- What to produce: Every picture stays out; everything else in the listing below is to be returned exactly.
== Supplied entries ==
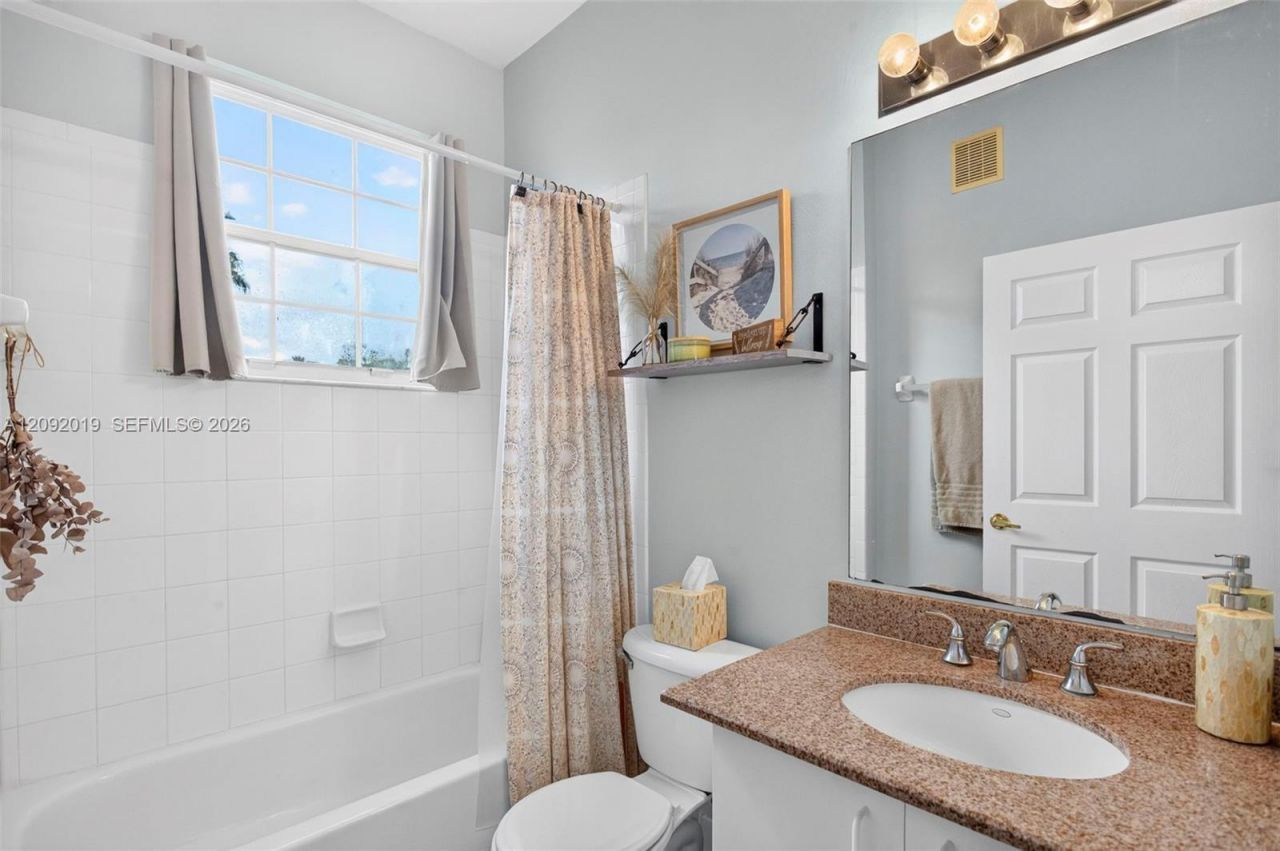 2501 E Aragon Blvd, Unit 1, Sunrise, FL 33313 Photo
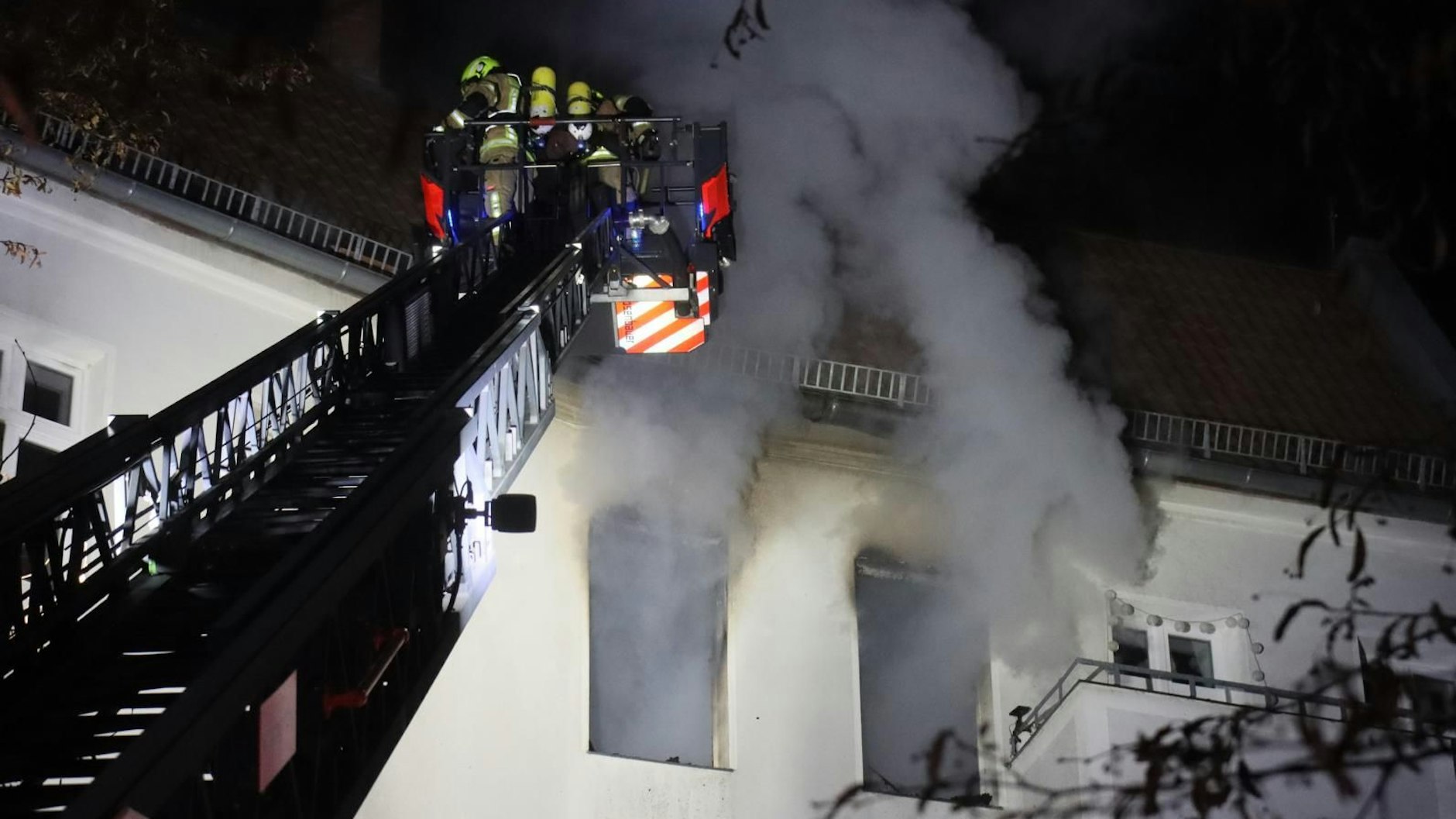 Ein Übergreifen der Flammen auf das Dach konnte verhindert werden, die Wohnung aber brannte völlig aus.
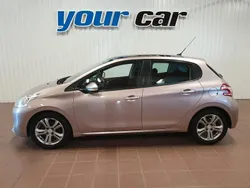 Ljusgrå (rose`metallic) Begagnad 2013 Peugeot 208 Halvkombi | 58 000 kr (Lite dyr)
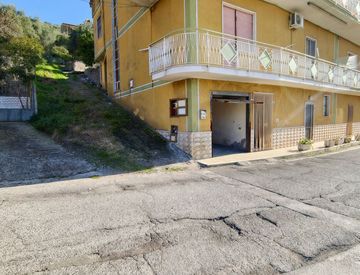 Facciata - Casa indipendente in Vendita in Via monte pecoriello a Castelforte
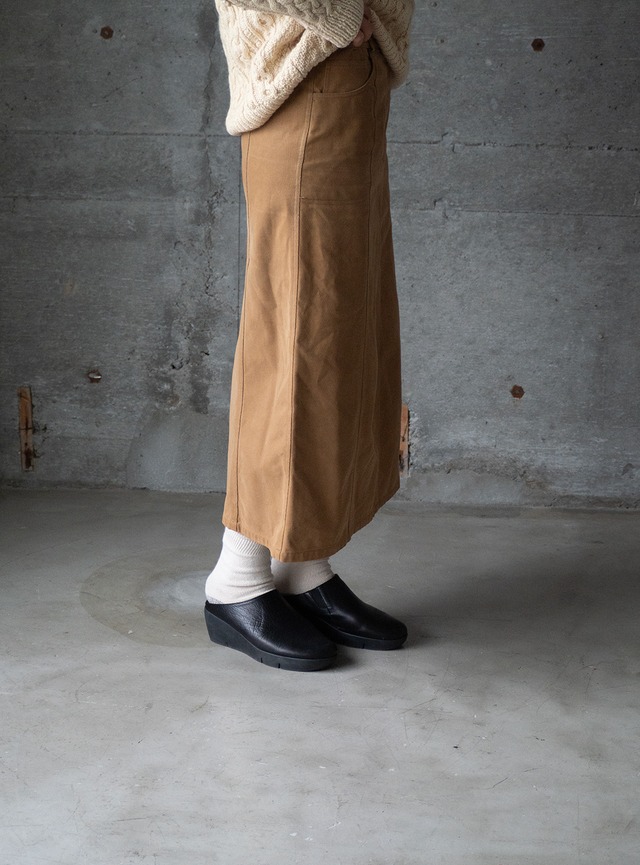 "Contempo Casuals" 1980s Leather zip skirt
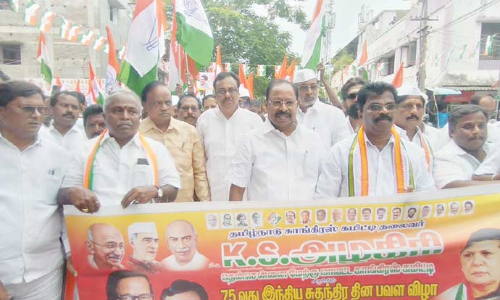 காங்கிரஸ் கட்சியினருக்கு தேசிய கொடியை பிடிக்கவும், திருப்பி பிடித்து தடியாக மாற்றவும் தெரியும்- ஈவிகேஎஸ் இளங்கோவன்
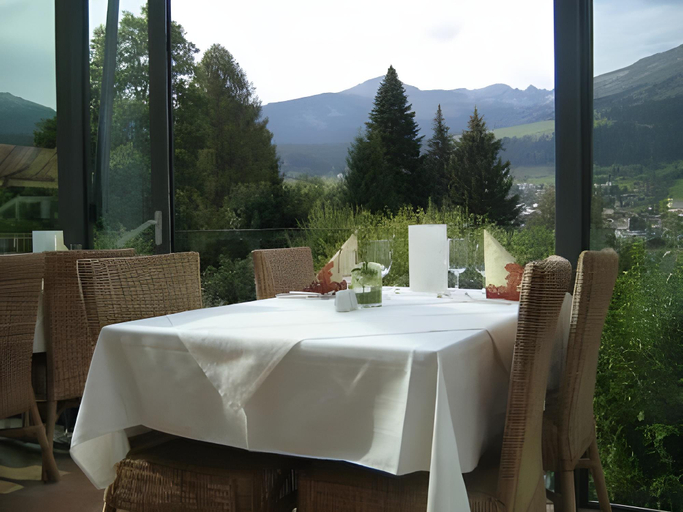 Food & Drinks 5, Hotel Cresta, Imboden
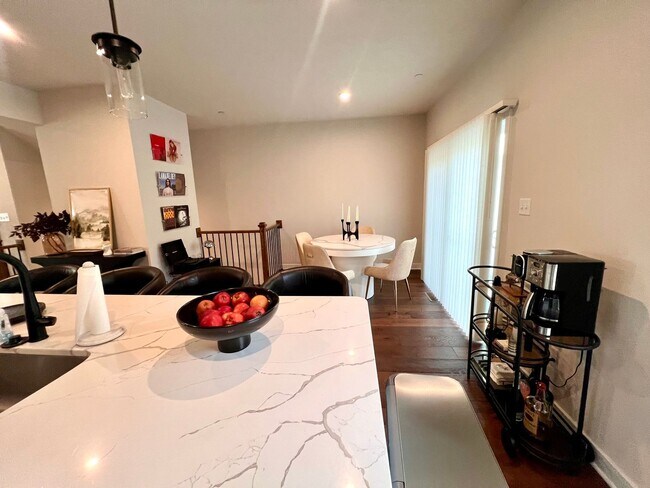 Building Photo - Canonsburg - 3 Bedroom 2.5 Bathroom Townhome For Rent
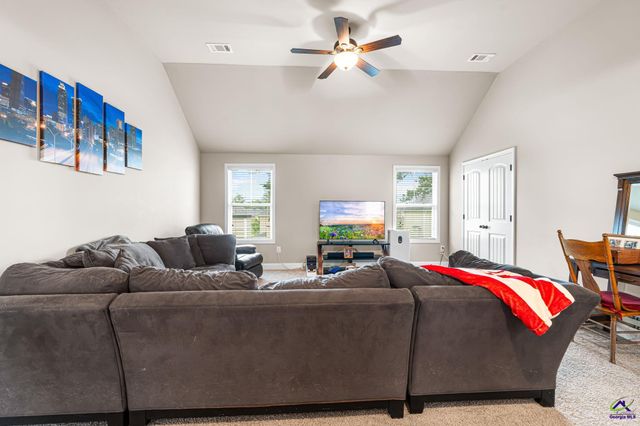 147 Forestbrooke Way, Bonaire, GA 31005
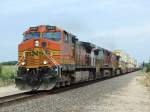 Burlington Nothern and Santa Fe BNSF Eine 3er-Traktion Dash-9 zieht einen Containerzug zwischen Augusta und Rose Hill durch Kansas am 20.07.2009.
===
- Response below:
 2501 E Aragon Blvd, Unit 1, Sunrise, FL 33313 Photo
 Ein Übergreifen der Flammen auf das Dach konnte verhindert werden, die Wohnung aber brannte völlig aus.
 Ljusgrå (rose`metallic) Begagnad 2013 Peugeot 208 Halvkombi | 58 000 kr (Lite dyr)
 Facciata - Casa indipendente in Vendita in Via monte pecoriello a Castelforte
 "Contempo Casuals" 1980s Leather zip skirt
 காங்கிரஸ் கட்சியினருக்கு தேசிய கொடியை பிடிக்கவும், திருப்பி பிடித்து தடியாக மாற்றவும் தெரியும்- ஈவிகேஎஸ் இளங்கோவன்
 Food & Drinks 5, Hotel Cresta, Imboden
 Building Photo - Canonsburg - 3 Bedroom 2.5 Bathroom Townhome For Rent
 147 Forestbrooke Way, Bonaire, GA 31005
 Burlington Nothern and Santa Fe BNSF Eine 3er-Traktion Dash-9 zieht einen Containerzug zwischen Augusta und Rose Hill durch Kansas am 20.07.2009.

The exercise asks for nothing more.